2/20/25: Real power is fear. I am just parking this year. There is fear in our culture as Bertha Reynolds said in Cleveland in 1953.
2/18/25: Is Musk really coming after Social Security? That radical rag, The Hill, thinks so. I forget who owns The Hill, but they ain’t radical!
2/17/25: Cuts to Medicaid and Food Stamps on the way.
2/8/25: WAPO reports Musk’s goal is to automate the federal government. My deep state source tells me that if they are going to do this, they are going to have to go to a guaranteed annual income, because without jobs, people will not be able to survive, and they will also have to provide universal health care. Meanwhile, one federal judge after another is excoriating Trump in no uncertain terms.

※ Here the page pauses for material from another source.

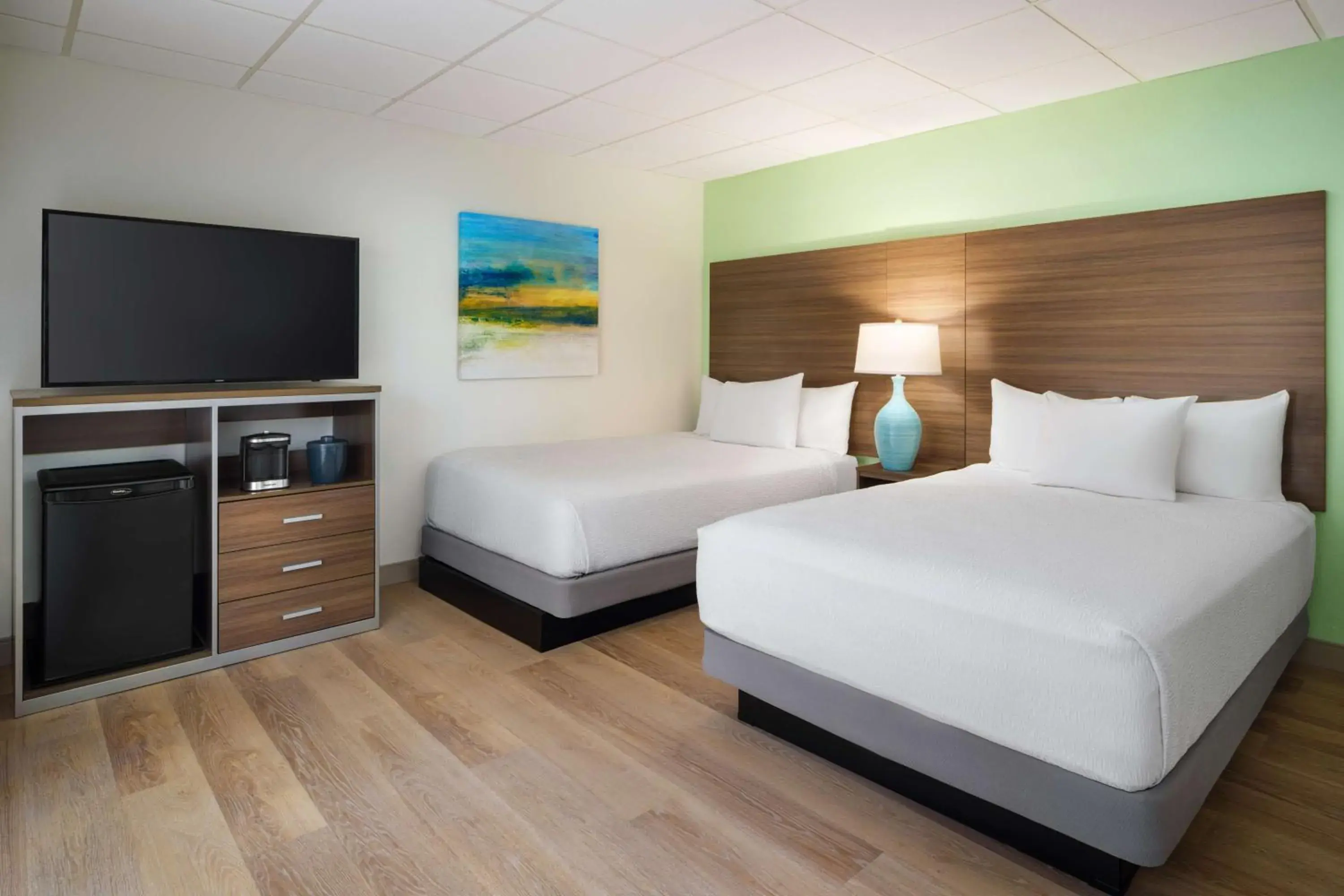 Double Room with Two Double Beds - Non-Smoking in Best Western Naples Inn & Suites Double Room with Two Double Beds - Non-Smoking in Best Western Naples Inn & Suites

2/6/25: I must admit, I haven’t been focused on this generally, as opposed to Trump’s immigration policy, anti-trans policy, and other Beats. But this piece in the Times was interesting, about Duffy’s transportation policy being allegedly pro-natalist. I read the actual memo. My reaction is that it seems less pro-natalist than anti-senior citizen community in nature. Ironically, since there are high marriage and birth rates among immigrants, it may actually help states which have high immigration rates or high levels of farmworkers; I’m not sure. Interesting, it wasn’t anti public transportation!
2/6/25 Flash! Direct from my in-house MSNBC Mom! It turns out Trump will be entering the financial services interest. Enough of those funds where you can invest in environomentally correct funds! Where the firms do good things! Now Trump will let you invest in firms that do bad things! I’m just kidding, since when is a fund that invests in bitcoin ventures bad!